What next, workwise? “Some of you will be quite certain the one thing you want to do is get back to where you left off before the war,” thought one early-demobbed cinema Wren. Others struggled after living a wartime life “much more varied, more colourful, richer than anything we had known before.” Finding jobs for the demobbed is always a feat, and it was harder for women whose expectations turned out to have been rather fruitlessly raised, especially if seeking mechanical work.
‘Johnnie’ Ferguson became a secretary to the chairman of Booker McConnell and looked after her widowed brother’s household but “remained steadfastly reticent about her wartime exploits,” as so many veterans did. Others, acting with newfound agency, drastically changed course. Torpedoed Freda Bonner retrained as a doctor: “Was it the memory of the naval doctor swimming from raft to raft [helping flat out for two days before he died] that led me to make this choice?” Twenty-year old Dorothy Runnicles went on from the remote Scottish RNAS Fearn, “run almost entirely by women…. We had a chief officer woman, and all the mechanics were women” to another women’s world: Bedford College for Ladies where they all became social workers bent on improving others’ conditions. She joined the University Women’s Boat Club. Unlike most Wrens, who do not criticise the military, “I still think about the war regularly because it was so awful, a ridiculous slaughter of people. I joined the Peace Pledge Union…. By now we should have learned how to avoid war” and later she demonstrated at Aldermaston and Greenham Common.

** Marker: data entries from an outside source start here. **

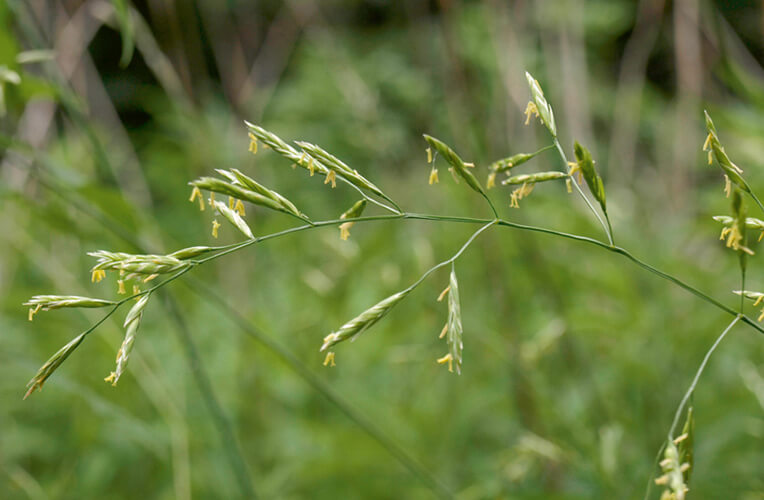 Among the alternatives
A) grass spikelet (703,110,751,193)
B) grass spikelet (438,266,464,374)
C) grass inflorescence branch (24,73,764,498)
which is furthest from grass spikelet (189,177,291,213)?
grass spikelet (703,110,751,193)

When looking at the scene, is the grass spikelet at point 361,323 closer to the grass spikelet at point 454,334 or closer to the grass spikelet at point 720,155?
the grass spikelet at point 454,334

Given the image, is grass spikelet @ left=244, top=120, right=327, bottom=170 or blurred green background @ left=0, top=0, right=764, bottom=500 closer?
grass spikelet @ left=244, top=120, right=327, bottom=170

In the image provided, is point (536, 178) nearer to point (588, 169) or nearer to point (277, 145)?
point (588, 169)

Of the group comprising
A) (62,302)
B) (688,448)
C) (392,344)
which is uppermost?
(62,302)

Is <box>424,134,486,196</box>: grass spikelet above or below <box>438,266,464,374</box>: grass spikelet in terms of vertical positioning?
above

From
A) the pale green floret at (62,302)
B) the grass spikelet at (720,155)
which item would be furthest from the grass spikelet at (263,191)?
the grass spikelet at (720,155)

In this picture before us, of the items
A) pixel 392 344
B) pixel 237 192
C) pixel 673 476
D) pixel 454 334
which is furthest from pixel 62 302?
pixel 392 344

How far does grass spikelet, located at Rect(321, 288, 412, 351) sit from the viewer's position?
402 millimetres

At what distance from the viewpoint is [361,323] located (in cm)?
42

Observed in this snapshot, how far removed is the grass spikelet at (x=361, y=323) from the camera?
40cm

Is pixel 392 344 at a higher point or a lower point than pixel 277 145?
lower

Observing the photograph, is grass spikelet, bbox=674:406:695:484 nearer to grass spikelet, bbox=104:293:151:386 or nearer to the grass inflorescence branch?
the grass inflorescence branch

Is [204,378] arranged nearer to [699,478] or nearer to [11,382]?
[699,478]

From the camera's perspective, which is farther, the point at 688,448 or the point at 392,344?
the point at 392,344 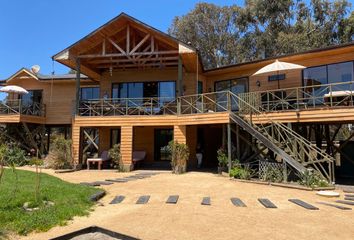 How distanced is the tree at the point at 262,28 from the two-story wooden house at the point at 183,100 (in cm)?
1489

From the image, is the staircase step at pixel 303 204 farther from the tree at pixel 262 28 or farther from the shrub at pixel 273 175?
the tree at pixel 262 28

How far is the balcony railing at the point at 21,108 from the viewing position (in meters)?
19.5

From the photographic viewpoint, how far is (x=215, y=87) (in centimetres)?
1923

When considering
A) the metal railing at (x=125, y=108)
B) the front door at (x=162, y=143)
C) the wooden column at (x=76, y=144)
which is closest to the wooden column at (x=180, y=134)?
the metal railing at (x=125, y=108)

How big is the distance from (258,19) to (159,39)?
19.4 m

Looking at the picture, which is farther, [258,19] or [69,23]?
[258,19]

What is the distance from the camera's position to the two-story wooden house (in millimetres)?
12812

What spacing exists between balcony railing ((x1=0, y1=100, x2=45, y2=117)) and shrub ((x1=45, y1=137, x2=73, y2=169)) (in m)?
4.39

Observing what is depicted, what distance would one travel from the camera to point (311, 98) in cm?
1267

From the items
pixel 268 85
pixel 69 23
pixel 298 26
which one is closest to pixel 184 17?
pixel 298 26

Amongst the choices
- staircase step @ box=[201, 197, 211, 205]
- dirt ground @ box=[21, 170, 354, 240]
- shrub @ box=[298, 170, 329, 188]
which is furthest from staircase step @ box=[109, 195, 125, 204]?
shrub @ box=[298, 170, 329, 188]

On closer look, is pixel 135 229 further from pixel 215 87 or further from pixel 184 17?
pixel 184 17

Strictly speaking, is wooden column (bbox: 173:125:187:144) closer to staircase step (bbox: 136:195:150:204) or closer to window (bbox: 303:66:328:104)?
window (bbox: 303:66:328:104)

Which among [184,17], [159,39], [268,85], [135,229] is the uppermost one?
[184,17] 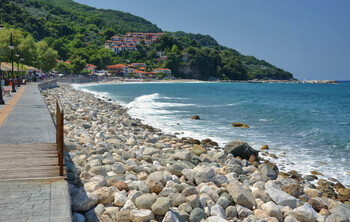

Some of the luckiest Wrens went on work at sea, as Lady Assistant Pursers on liners. WRNS training had made many ideal employees for many jobs – if only they could settle. And some became volunteer leaders of the Sea Rangers, which the Admiralty had formally recognised in 1945 and in the Girls’ Nautical Training Corps.
Salute
So, in 2026, a glimpse of a past age and a big salute to their service, those who served up until 1993 and then those who joined the Royal Navy along with the women who serve today and their many female civilian counterparts, whether they work in defence or support it, and, of course, all those women who support their partners by being part of the wider Naval family.